# LR6/CC supports M3



## sunnyVan (Apr 22, 2015)

For the past few weeks, I've been using DPP since LR5 didn't support M3. I'm very happy to say that LR6 works perfectly on my imac and finally I don't have to use DPP. Hope it helps those who also have M3.


----------



## dcm (Apr 22, 2015)

sunnyVan said:


> For the past few weeks, I've been using DPP since LR5 didn't support M3. I'm very happy to say that LR6 works perfectly on my imac and finally I don't have to use DPP. Hope it helps those who also have M3.



Thanks. Guess I'll upgrade sooner than later.


----------



## sunnyVan (Apr 22, 2015)

Apparently Adobe made sure that we as consumers need to keep upgrading to newer LR versions for support of newer cameras. Can't really blame them. Got a business to run. 

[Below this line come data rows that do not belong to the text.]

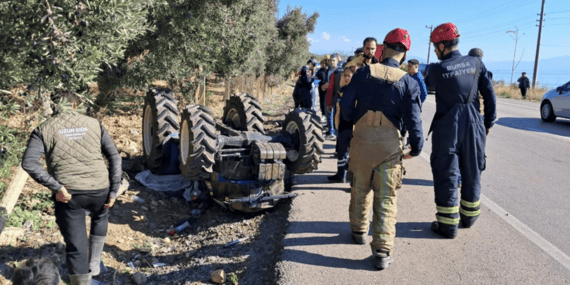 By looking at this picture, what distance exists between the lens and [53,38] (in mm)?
3266

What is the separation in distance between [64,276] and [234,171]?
2.40 m

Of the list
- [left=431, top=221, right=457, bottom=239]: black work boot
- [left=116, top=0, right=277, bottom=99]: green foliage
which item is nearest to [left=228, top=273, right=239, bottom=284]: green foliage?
[left=431, top=221, right=457, bottom=239]: black work boot

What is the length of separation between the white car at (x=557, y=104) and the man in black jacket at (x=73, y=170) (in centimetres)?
1476

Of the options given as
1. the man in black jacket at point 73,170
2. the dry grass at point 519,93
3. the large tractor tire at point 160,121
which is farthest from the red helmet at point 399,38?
the dry grass at point 519,93

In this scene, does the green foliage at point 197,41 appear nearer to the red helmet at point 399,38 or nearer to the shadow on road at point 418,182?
the red helmet at point 399,38

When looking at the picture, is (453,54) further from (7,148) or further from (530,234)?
(7,148)

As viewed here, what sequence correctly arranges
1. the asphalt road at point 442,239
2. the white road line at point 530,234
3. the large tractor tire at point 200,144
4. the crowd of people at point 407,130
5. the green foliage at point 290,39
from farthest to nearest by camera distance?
the green foliage at point 290,39
the large tractor tire at point 200,144
the white road line at point 530,234
the crowd of people at point 407,130
the asphalt road at point 442,239

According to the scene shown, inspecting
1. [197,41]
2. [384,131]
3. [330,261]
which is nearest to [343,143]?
[384,131]

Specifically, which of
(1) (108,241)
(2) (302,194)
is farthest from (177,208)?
(2) (302,194)

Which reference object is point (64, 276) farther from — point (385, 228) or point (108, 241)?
point (385, 228)

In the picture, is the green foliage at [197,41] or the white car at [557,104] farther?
the white car at [557,104]

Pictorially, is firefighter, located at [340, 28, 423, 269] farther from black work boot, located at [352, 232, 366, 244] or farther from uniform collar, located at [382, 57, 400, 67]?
black work boot, located at [352, 232, 366, 244]

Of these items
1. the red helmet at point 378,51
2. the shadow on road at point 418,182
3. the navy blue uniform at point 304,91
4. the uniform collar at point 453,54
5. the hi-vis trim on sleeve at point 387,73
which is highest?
the red helmet at point 378,51

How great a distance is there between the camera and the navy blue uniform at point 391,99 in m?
4.05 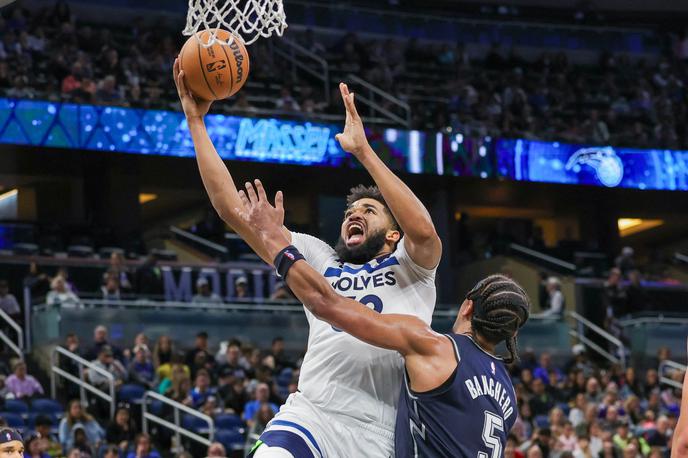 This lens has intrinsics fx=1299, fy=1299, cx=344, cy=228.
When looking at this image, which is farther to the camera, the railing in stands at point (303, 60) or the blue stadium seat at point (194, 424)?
the railing in stands at point (303, 60)

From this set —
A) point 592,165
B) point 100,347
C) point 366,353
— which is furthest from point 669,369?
point 366,353

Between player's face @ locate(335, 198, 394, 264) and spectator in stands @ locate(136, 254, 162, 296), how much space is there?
13441mm

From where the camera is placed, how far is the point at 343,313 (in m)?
4.80

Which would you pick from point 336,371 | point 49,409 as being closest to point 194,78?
point 336,371

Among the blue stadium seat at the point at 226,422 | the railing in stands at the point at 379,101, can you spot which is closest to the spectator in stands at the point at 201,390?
the blue stadium seat at the point at 226,422

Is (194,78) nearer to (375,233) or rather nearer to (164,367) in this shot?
(375,233)

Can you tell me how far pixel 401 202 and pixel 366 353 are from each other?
26.4 inches

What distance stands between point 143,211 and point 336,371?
23909 millimetres

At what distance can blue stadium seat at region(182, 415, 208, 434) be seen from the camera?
1453 centimetres

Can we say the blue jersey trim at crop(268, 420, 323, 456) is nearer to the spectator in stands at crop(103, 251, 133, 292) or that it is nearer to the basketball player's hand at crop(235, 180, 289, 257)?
the basketball player's hand at crop(235, 180, 289, 257)

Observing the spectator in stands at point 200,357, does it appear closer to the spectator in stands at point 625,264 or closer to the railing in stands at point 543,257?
the railing in stands at point 543,257

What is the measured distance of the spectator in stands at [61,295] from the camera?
17.1 m

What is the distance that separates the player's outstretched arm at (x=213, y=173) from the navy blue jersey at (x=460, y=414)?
111 centimetres

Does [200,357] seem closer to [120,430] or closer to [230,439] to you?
[230,439] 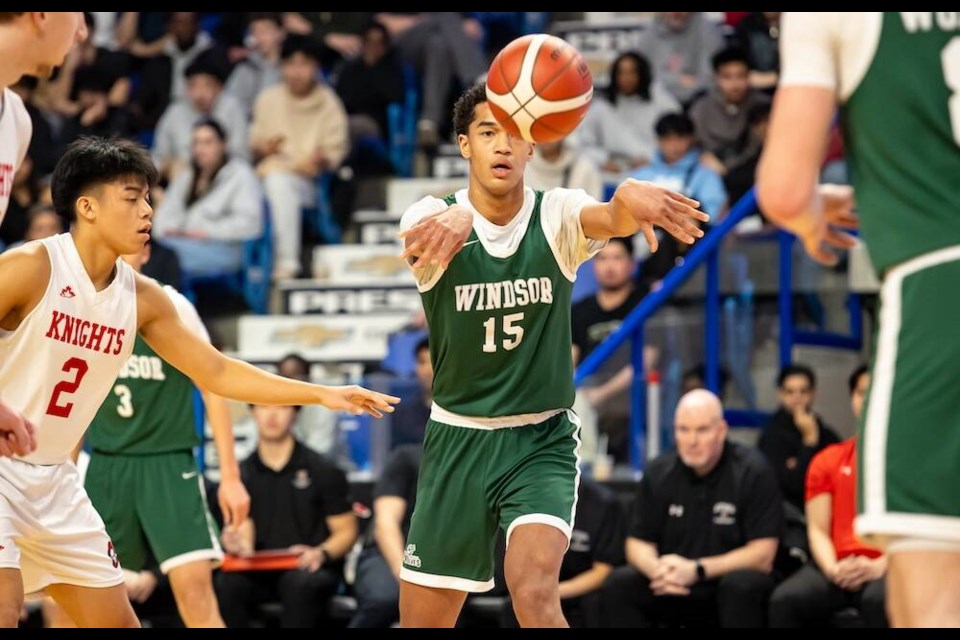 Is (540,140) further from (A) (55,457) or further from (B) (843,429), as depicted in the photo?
(B) (843,429)

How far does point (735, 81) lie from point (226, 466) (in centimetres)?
644

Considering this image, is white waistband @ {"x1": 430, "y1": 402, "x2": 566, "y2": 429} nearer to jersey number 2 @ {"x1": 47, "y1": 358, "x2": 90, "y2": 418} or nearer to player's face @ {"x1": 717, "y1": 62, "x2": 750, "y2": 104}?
jersey number 2 @ {"x1": 47, "y1": 358, "x2": 90, "y2": 418}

LR6 seems like a solid upgrade to me. DPP's interface is not very user friendly, or maybe I'm just too used to LR that I found DPP inconvenient. Anyway, I'm glad I don't have to use DPP now.


----------



## Jamesy (Apr 22, 2015)

I noticed the EOS-M3 support too and am pleased. I did a recent trip and shot jpeg/raw and imported the jpegs into LR5x and kept the RAW's hanging around in case I needed to push a few keepers around in DPP or a future version of LR.

This happened when I got my 5D3 years ago and LR was moving from 3.x to 4.x - you needed LR4 to support 5D3 raws and I was forced into a 64bit OS which prompted me to drop 2K on a laptop to run LR.

I have seen some threads talking about LR6/CC installs failing at 47% - I will wait a few days and upgrade after the dust settles.

BTW, coming from an EOS-M for travel - the M3 with EVF totally rocks for my travel photography!


----------